Lo más difícil de la maternidad no es traer al mundo una vida, sino lo que viene después: ese aceptar en silencio las decisiones de quien en su día fue tan tuyo
Hay historias que merecerían ser contadas. Los dichosos años ochenta se han narrado desde el punto de vista de los hijos, ahí están nuestros deseos, nuestra necesidad de romper con los principios paternos y de no reproducir la vida doméstica de las madres. Pero falta por contar lo que sintieron ellos, esa generación que afrontó la juventud convulsa de unos hijos que celebraban la llegada de las libertades. La irrupción del compromiso político, la apertura sexual, las drogas. ¿Cómo vivieron nuestros padres el espectáculo callejero de las drogas? ¿Cuánto temieron la posibilidad de encontrarse a sus hijos medio colgados en una esquina? ¿Cómo se sentían cuando escuchaban ese discurso desahogado y alegre sobre las adicciones? A mis 20 años yo hacía reportajes con el magnetofón al hombro: pude escuchar las voces de aquellas madres de barrio contra la droga.
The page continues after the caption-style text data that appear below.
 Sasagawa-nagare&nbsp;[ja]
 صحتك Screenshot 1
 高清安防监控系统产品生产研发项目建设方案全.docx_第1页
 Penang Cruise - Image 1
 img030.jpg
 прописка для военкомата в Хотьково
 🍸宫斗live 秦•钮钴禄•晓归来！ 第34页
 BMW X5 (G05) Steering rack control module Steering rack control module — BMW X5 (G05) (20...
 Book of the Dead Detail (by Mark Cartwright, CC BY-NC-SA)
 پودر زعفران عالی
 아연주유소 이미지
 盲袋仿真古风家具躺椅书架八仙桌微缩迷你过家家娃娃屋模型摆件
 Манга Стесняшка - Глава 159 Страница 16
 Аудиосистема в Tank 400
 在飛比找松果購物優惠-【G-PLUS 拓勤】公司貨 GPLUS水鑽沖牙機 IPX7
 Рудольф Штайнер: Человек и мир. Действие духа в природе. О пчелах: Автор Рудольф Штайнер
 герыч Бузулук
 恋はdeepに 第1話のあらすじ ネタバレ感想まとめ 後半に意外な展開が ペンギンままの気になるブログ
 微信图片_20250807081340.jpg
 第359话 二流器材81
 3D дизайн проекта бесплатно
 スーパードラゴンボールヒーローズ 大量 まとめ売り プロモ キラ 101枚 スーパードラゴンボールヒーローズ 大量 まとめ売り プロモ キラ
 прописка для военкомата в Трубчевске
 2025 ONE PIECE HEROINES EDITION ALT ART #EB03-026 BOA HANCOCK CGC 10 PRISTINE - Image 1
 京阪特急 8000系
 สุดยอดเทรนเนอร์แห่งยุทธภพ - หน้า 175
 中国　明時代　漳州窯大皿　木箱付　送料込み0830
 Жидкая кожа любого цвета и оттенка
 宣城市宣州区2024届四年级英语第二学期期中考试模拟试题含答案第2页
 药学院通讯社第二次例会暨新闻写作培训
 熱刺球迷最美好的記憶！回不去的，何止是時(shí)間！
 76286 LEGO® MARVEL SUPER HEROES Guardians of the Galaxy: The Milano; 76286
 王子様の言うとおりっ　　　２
Ahí estaban, desesperadas, pero resistentes, indignadas por saber que su discurso se perdía entre tanto pedante que banalizaba los coqueteos con la heroína. Quedan para la historia las palabras del venerado alcalde de Madrid, Tierno, animando a que se colocara el que aún no lo estuviera, y esos debates televisivos en los que algún filósofo radical en la defensa de las libertades demostraba nula empatía hacia la madre de un drogadicto.
Cuando cumples años, si es que la vida no te hace más idiota, tienes la posibilidad de deshacerte de la egolatría juvenilista y admitir que hubo un tiempo en el que la arrogancia te impedía ser consciente de que los miedos de tus progenitores estaban justificados. Los padres y madres del presente han incorporado otros temores a los de antes; a las adicciones conocidas se han sumado las que provoca la tecnología. Eso sí, la figura del papanatas que defiende a toda costa la última tendencia es eterna. Cuando en un centro de menores te encuentras con una chavala que agredió a su madre por quitarle el móvil te das cuenta de que todas las dependencias producen una estrechez de la mente, que perfilan personalidades egoístas que solo pueden albergar una obsesión que no deja sitio para observar el dolor que provoca.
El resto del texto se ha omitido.